Who is the Mightiest of the Mighty Nein?

r
d&d
tidyverse
data cleaning
Published

September 7, 2023

This is another post using data from Crit Role Stats. In this post, I will be looking at the damage dealt by each member of the Mighty Nein. Spoilers for campaign 2, but that ended a couple of years ago so it seems reasonable to spoil. Now Crit Role Stats already has a spreadsheet detailing damage dealt, and I want to recreate some of that and more. I will mostly be using the All Rolls spreadsheet. I have downloaded the CSV for just the sheet that I need: All Rolls. I will be looking back at the full spreadsheets online to verify my findings, but this is the only one that I need to pull in to work with.

By the way, my soundtrack for this post is Critical Role’s own Mighty Vibes YouTube playlist. It just feels right.

I am interested in damage dealt by character and by episode to learn who had the highest average damage per hit and the highest average damage per episode. I expect these to differ because of the number of attacks that different characters get. Spellcasters can do a lot of damage, and many of their spells still do half damage even if the opponent successfully saves, but they rarely get more than one damage-dealing action per turn.

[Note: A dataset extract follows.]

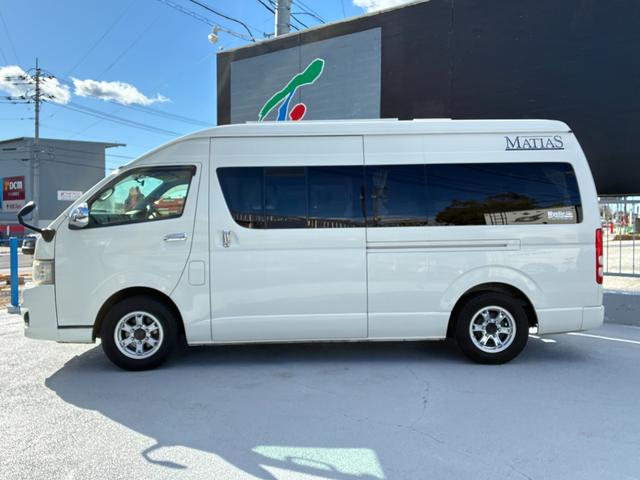 レジアスエースバン ミスティック マティアス 乗車人数9名・就寝人数5名・新品タイヤ・トリプルサブバッテリー・走行充電・外部充電・インバーター2000w・ウィンドウエアコン・ソーラーパネル(20枚目)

Beauregard, as a monk, deals less damage per hit but can hit an astonishing number of times in a round, so I expect her per-hit average to be much lower than, say, Yasha’s, but her average per episode may be quite a bit higher.

Before we get to that, there’s a fair bit of cleaning to be done with the All Rolls table.

library(tidyverse)

Data Cleaning

First, read it in.

all_rolls <- read_csv("all_rolls_wildemount_all_episodes.csv")
glimpse(all_rolls)
Rows: 15,364
Columns: 10
$ Episode         <chr> "C2E001", "C2E001", "C2E001", "C2E001", "C2E001", "C2E…
$ Time            <chr> "0:35:40", "0:39:22", "0:39:30", "0:43:04", "0:50:37",…
$ Character       <chr> "Fjord", "Jester", "Beau", "Beau", "Molly", "Molly", "…
$ `Type of Roll`  <chr> "Perception", "Perception", "Perception", "Insight", "…
$ `Total Value`   <chr> "Nat20", "22", "19", "13", "16", "16", "14", "19", "14…
$ `Natural Value` <chr> "20", "19", "16", "8", "11", "11", "14", "14", "9", "1…
$ `Crit?`         <chr> NA, NA, NA, NA, NA, NA, NA, NA, NA, NA, NA, NA, NA, NA…
$ `Damage Dealt`  <chr> NA, NA, NA, NA, NA, NA, NA, NA, NA, NA, NA, NA, NA, NA…
$ `# Kills`       <dbl> NA, NA, NA, NA, NA, NA, NA, NA, NA, NA, NA, NA, NA, NA…
$ Notes           <chr> NA, NA, NA, NA, NA, NA, NA, NA, NA, NA, NA, NA, NA, "C…

A few things to note:

First, we will need to clean up the Episode column to use as numeric. Not a big deal.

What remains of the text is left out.